Alan believed he knew the identity of the other subsidised organisation, for the quilters and the cross-stitchers had been subgroups of the same Women’s Craft Association until a falling out – the original cause now long forgotten – had resulted in an irreparable rift.
“Within minutes of the vacancy becoming official, the Christian Fellowship─”
“–currently meeting on Mondays.”
“─indicated they were keen to swap to Fridays, when attendances are higher and there are fewer public holidays.”
“Understandable,” said Alan.
“Until they heard that the Muslims were trying to get Friday, in addition to the Tuesday they already have.”
“The Muslims wanted two days?” said Alan, trying not to appear irrationally concerned.
“They never indicated as much until they mistakenly thought that the Christians were determined to have days at both the beginning and end of the week.”
“Dear me,” exclaimed Alan.
“─at which point, of course, the Christians did indicate a keenness to have both Mondays and Fridays.
“I see,” said Alan.
“But when the belly dancers and cross-stitchers ─”
“─sharing Wednesdays.”
“─and the meditaters and lip readers─”
“─on Thursdays.”
“─found out that the two religious groups both expected a second day…”
“They wanted two, too,” said Alan, “as in, two as well.”
“Or at least one day to themselves, by themselves.”

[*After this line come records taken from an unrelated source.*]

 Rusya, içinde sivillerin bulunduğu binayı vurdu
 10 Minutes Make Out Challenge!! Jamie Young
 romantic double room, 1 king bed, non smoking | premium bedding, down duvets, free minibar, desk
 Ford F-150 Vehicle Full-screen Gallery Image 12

“Most unfortunate,” said Alan.
“And soon after that, the public speakers, who currently meet off-site, owing to a shortage of venues, registered interest in the spare day.”

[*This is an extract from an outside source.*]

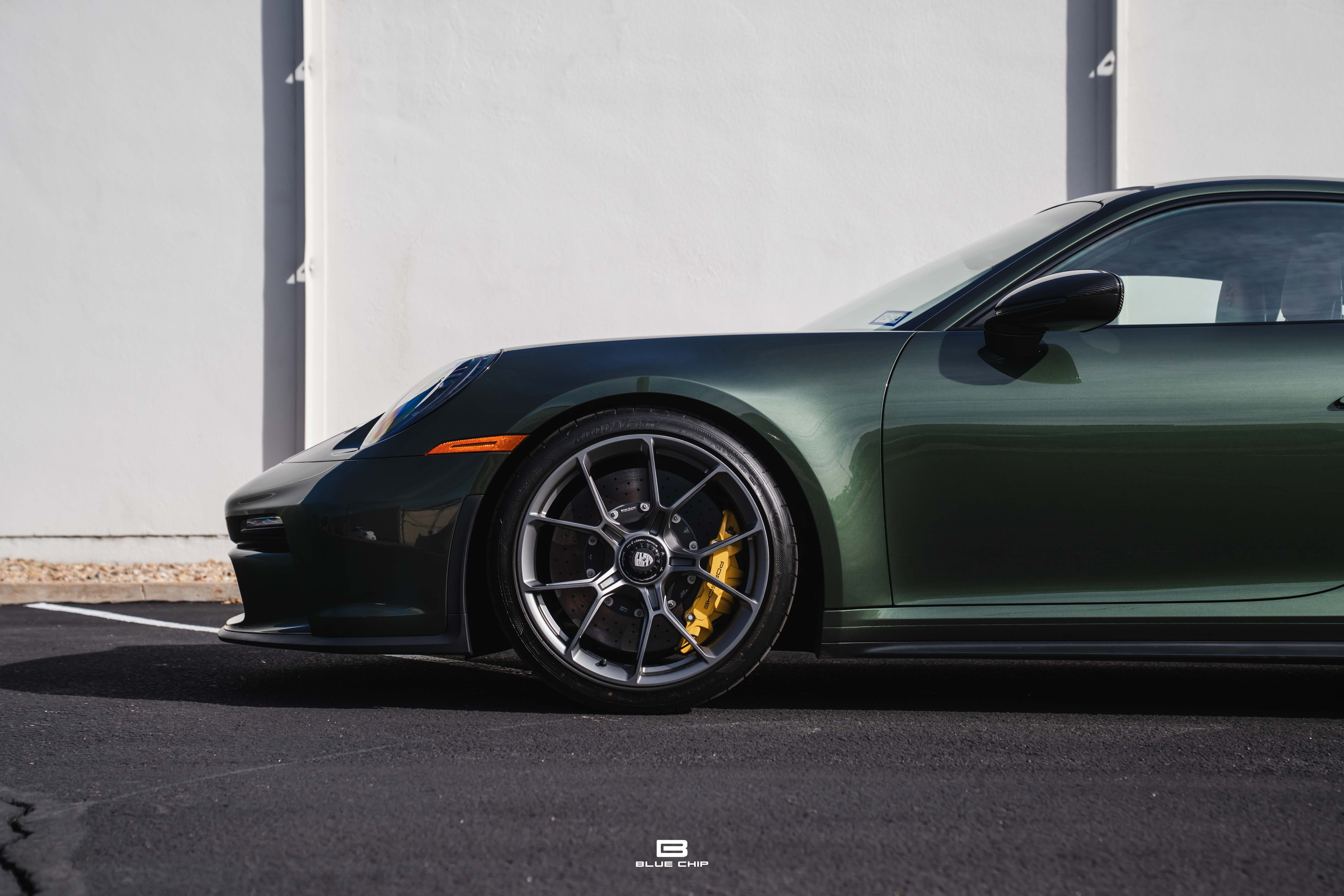 2022 Porsche 911 GT3 Touring photo 3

“They do have a case,” said Alan.
“As did the bonsai people, who we all thought had disbanded, but had apparently been operating… well… underground, under a different name.”

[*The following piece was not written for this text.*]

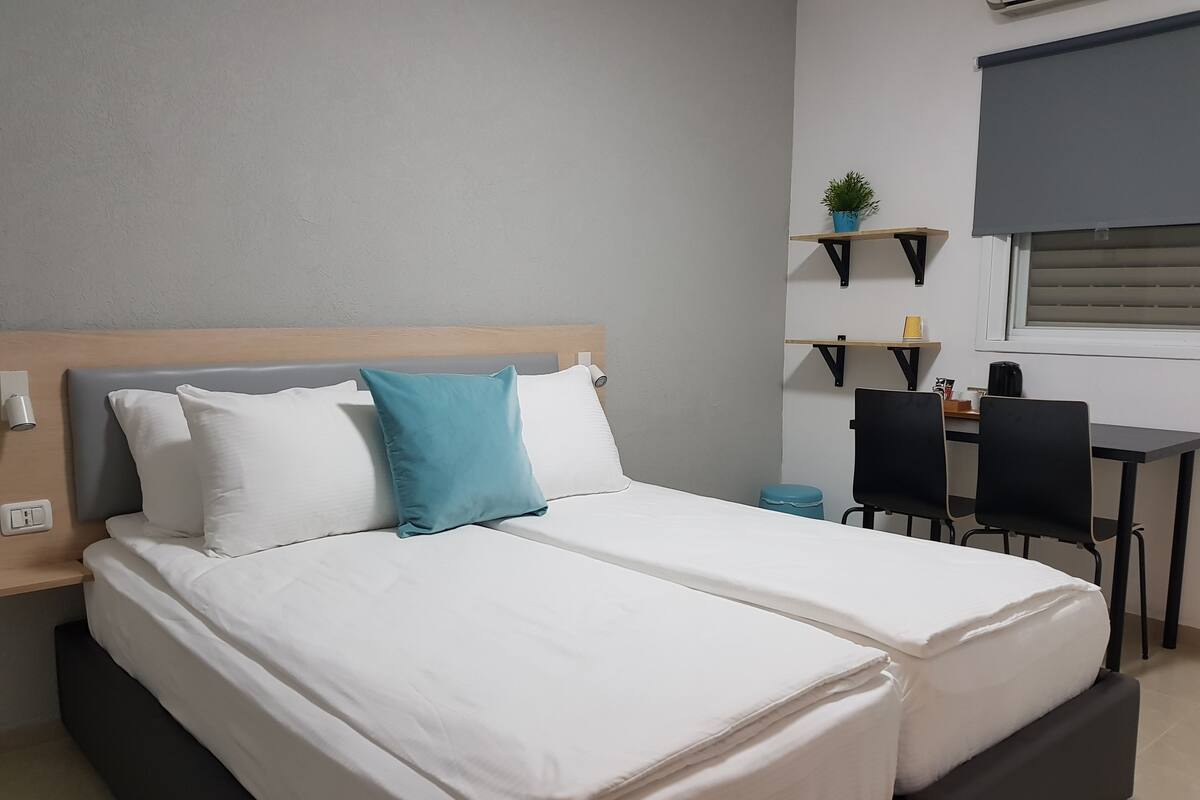 Twin Room | Minibar, desk, WiFi (free), bed sheets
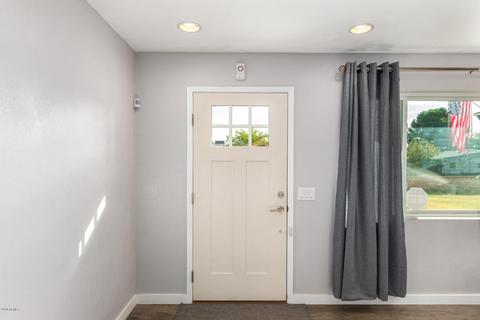 1832 E Stella Ln, Phoenix, AZ 85016 photo 6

“That's a surprise,” said Alan, recalling the campaign against the bonsai club a decade before by a group of women passionately opposed to plant torture. He recalled hunger strikes, petitions for and against, threats and counter threats, melees, bra burning (for no obvious reason) police intervention and, finally, removal of the club (in the cause of peace) from the amenities room roster.
“The Christians have indicated they are not prepared to turn the other cheek vis-a-vis the Moslems and, might I say, vice versa.”
Alan tut-tutted.
“Both have stated that they’ll claim discrimination should the other be granted a second day.”
Alan gave silent thanks for the willingness of Hindus, Buddhists, Confucians, Sikhs, animists and devil worshippers to perform their rituals at sites away from the workplace. He was especially pleased that persons engaged in the worship of fertility gods (whose statuary often seemed to feature impossibly distended body parts) had not joined the department in significant numbers.
“The meditaters,” Gulliver continued, “have said all manner of intemperate things and one of the belly dancers made me an offer of an intimate nature that would not have amused Mrs Gulliver, even though, of course, we have been married for many years and are no longer interested in those sorts of activities. As for the crossstitchers – did I mention them earlier?”
“Only in passing,” said Alan.
“They claim their share arrangement with the belly dancers – which came about because the meditaters, Moslems and Christians couldn’t abide chatter during their rites – has run its course.”
“They’ve also got a point,” said Alan.
“And last Thursday morning…” Gulliver shook his head.